Uber drivers in New Zealand are considering court action after a landmark ruling in the UK that classes drivers as employees rather than contractors.
The Central London Employment Tribunal's decision means British Uber drivers will qualify for the minimum wage, paid time off and other perks.
New Zealand Uber Drivers' Association chairman Ben Wilson said drivers here had not taken the company to court so far because of the cost.
But he said a ruling like that in Britain, the home of Common Law, could change their minds.
The organisation would like to explore court action once it had more members and more money, Wilson said.
The UK case centred on whether drivers with the firm, where passengers hail cars using an app, are self-employed or staff.
Uber classes its drivers as self-employed workers, claiming it is a technology company rather than a taxi firm, and says the arrangement allows people to be their own boss and work flexibly.
But drivers argue they are actual employees of the organisation, rather than independent operators running their own businesses.
Today judges sided with the drivers in a ruling that could affect thousands of other workers across Britain at companies with similar models such as food company Deliveroo.
Experts said it would substantially affect the so-called "gig economy", where individuals work for multiple employers day-to-day without having a fixed contract.
The UK's Trades Union Congress general secretary Frances O'Grady said the case had shone a light on conditions at Uber.
"This case has exposed the dark side of so-called 'flexible' labour.
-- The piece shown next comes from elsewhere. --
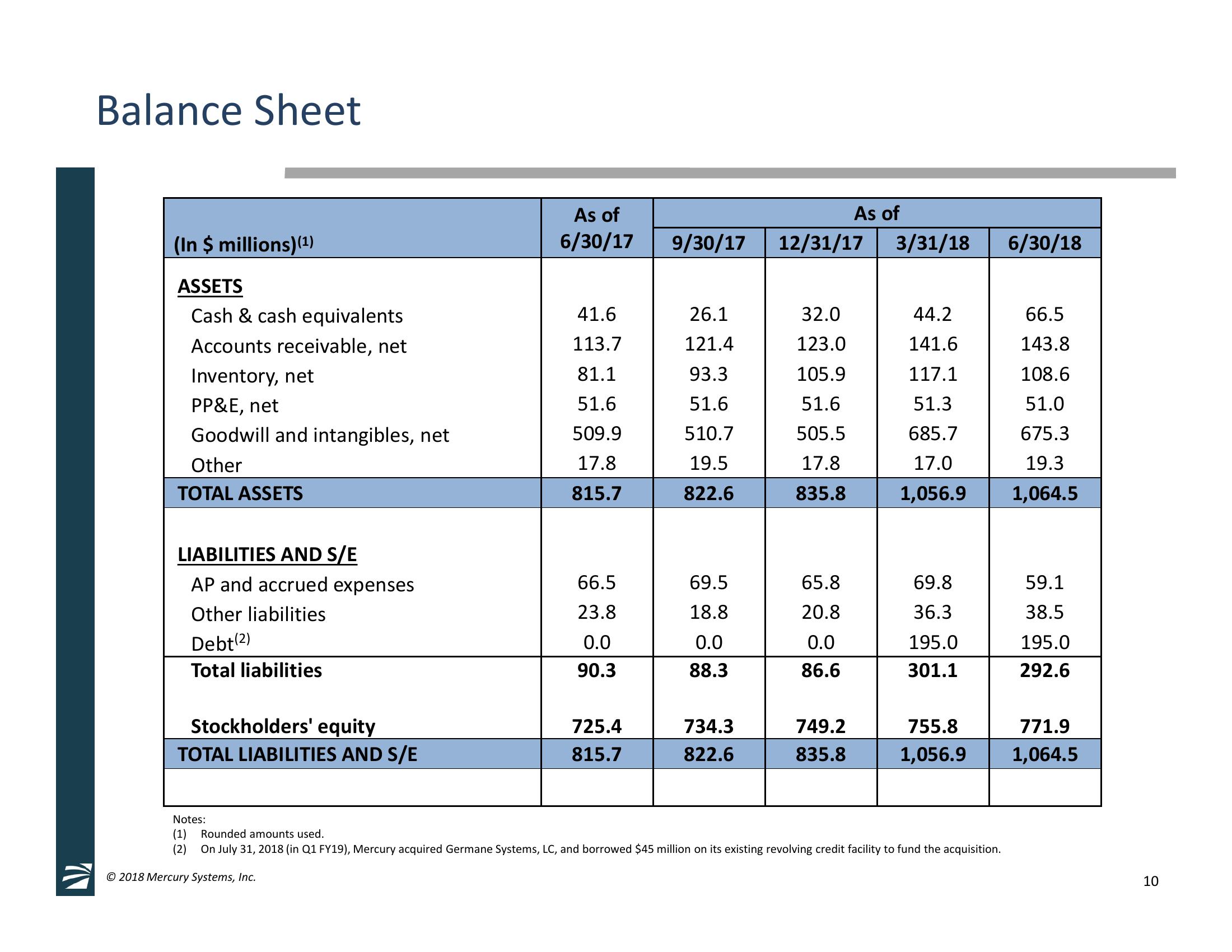 4th Quarter and Full Fiscal Year 2018 Financial Results & Germane Systems Acquisition Overview slide image #10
For many workers the gig economy is a rigged economy, where bosses can get out of paying the minimum wage and providing basics like paid holidays and rest breaks.
"What is happening at Uber is just the tip of the iceberg. Lots of people are now trapped in insecure jobs, with low pay and no voice at work.
"We need the Government to get tough on sham self-employment... and it must recognise the important role trade unions can play in ending precarious working."
But a spokesman from Uber has since revealed that the company will be appealing the judge's decision.
Two drivers, James Farrar and Yaseen Aslam - supported by the GMB union - had brought legal action against Uber, arguing they should be entitled to holiday pay, a guaranteed minimum wage and breaks.
The Central London Employment Tribunal ruled in favour of the drivers today, and the GMB said the outcome of the case could have "major" implications for more than 30,000 drivers across England and Wales.
The GMB found last year that a member working exclusively for Uber received just £5.03 ($8.56) per hour in August after costs and fees were taken into account, significantly below the national minimum wage of £7.20.
This case has exposed the dark side of so-called 'flexible' labour. For many workers the gig economy is a rigged economy, where bosses can get out of paying the minimum wage and providing basics like paid holidays and rest breaks.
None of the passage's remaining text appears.